Under the recently amended regulations an ETO reason ‘entailing changes in the workforce’ has been expanded by Reg 7(3) so that it includes a change to the place of work. This is a statutory overruling of the principle, that, for there to be an ETO reason, there must be changes in the number of the workforce or changes in the job functions, that was established in Berriman v Delabole Slate Ltd  ICR 546.
This case concerns an unsuccessful attempt to overturn the Berriman principle that still applies in respect of cases under the pre January 2014 Regulations.
There are also some interesting obiter observations of Slade J in the Appeal which will are likely to be revisited in time (see below).
Barnet LB decided to outsource its parking operations. The contract was awarded NSL. The claimants were employed in the back office functions of the parking services. NSL intended to operate part those back office functions from Croydon and to sub contract part of those functions, the payment processing services, to RRD. RRD intended to operate the sub-contracted services from Lansing in West Sussex. None of the Claimants accepted offers to be employed in these locations and were dismissed on the grounds of redundancy on 31 May 2012. The Employment Tribunal held the dismissals were simply because of a change on the place of work and although the dismissals were for an ETO reason this was not one entailing a change in the workforce and they were therefore automatically unfair.
The EAT decision
NSL and RRD appealed on the following grounds: (i) Berriman and other cases upholding the Berriman principle did not concern a change to the place of work but were concerned with change to terms and conditions and were explicable on this basis. (ii) If the effect of Berriman was to prevent an ETO reason from including a change in the workplace, it was contrary to EU law on the basis that the CJEU in Alemo-Herron recognised that the transferee’s freedom to conduct business was a relevant consideration when applying the provisions of the Acquired Rights Directive.
The EAT held, that the decision in Alemo Herron does not alter earlier European jurisprudence on the mandatory nature of the obligations under the Acquired Rights Directive. Further that where a dismissal is simply because of a change in the job location this could not amount to a ‘change in the workforce’ unless clear words were used as they have been by the amendment to Reg 7. For this reason the appeal was dismissed.

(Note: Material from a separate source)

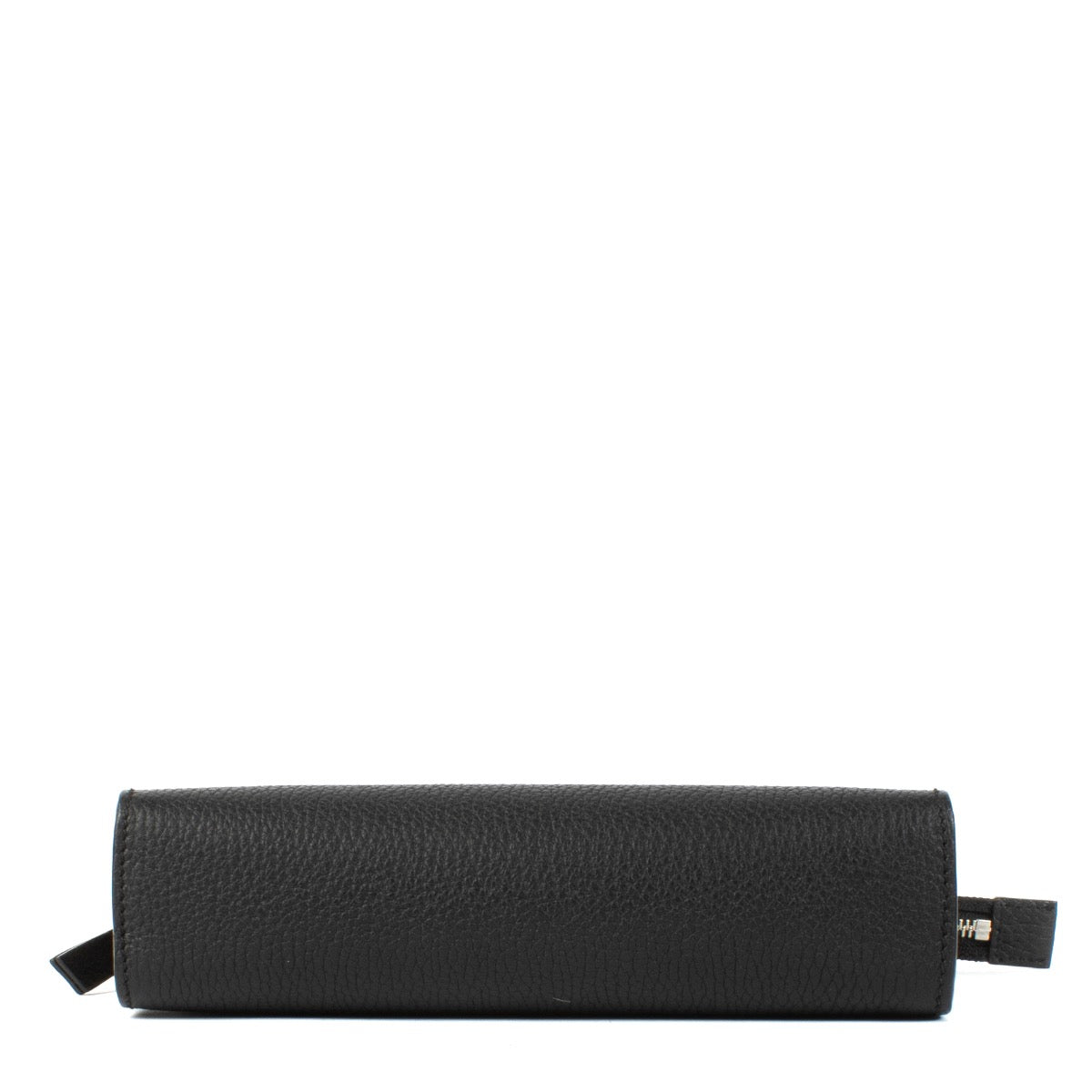 Shop safe online at Labellov in Antwerp, Brussels and Knokke this 100% authentic second hand Dolce & Gabbana Black Pochette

Perhaps the most interesting feature of this case is not the result but what Slade J had to say in her reasoning and obiter observations.
First, she made the point, note above, that the decision in Alemo-Herron in which the CJEU appeared to introduce the possibility of the transferee’s business interests being relevant to the application of the Directive, does not affect its mandatory application. Secondly, she gave a reasonable hint (see paragraph 40) that the amendment to Reg 7(2) may not be compatible with the Directive (Art 4). Thirdly, she restated the point that although case law has focussed on job numbers and functions, changes to the workforce go wider than this and could include, for example, a requirement that the workforce have additional skills or qualifications needed even if the jobs they perform remain the same. This could also include changes in techniques requiring additional skills.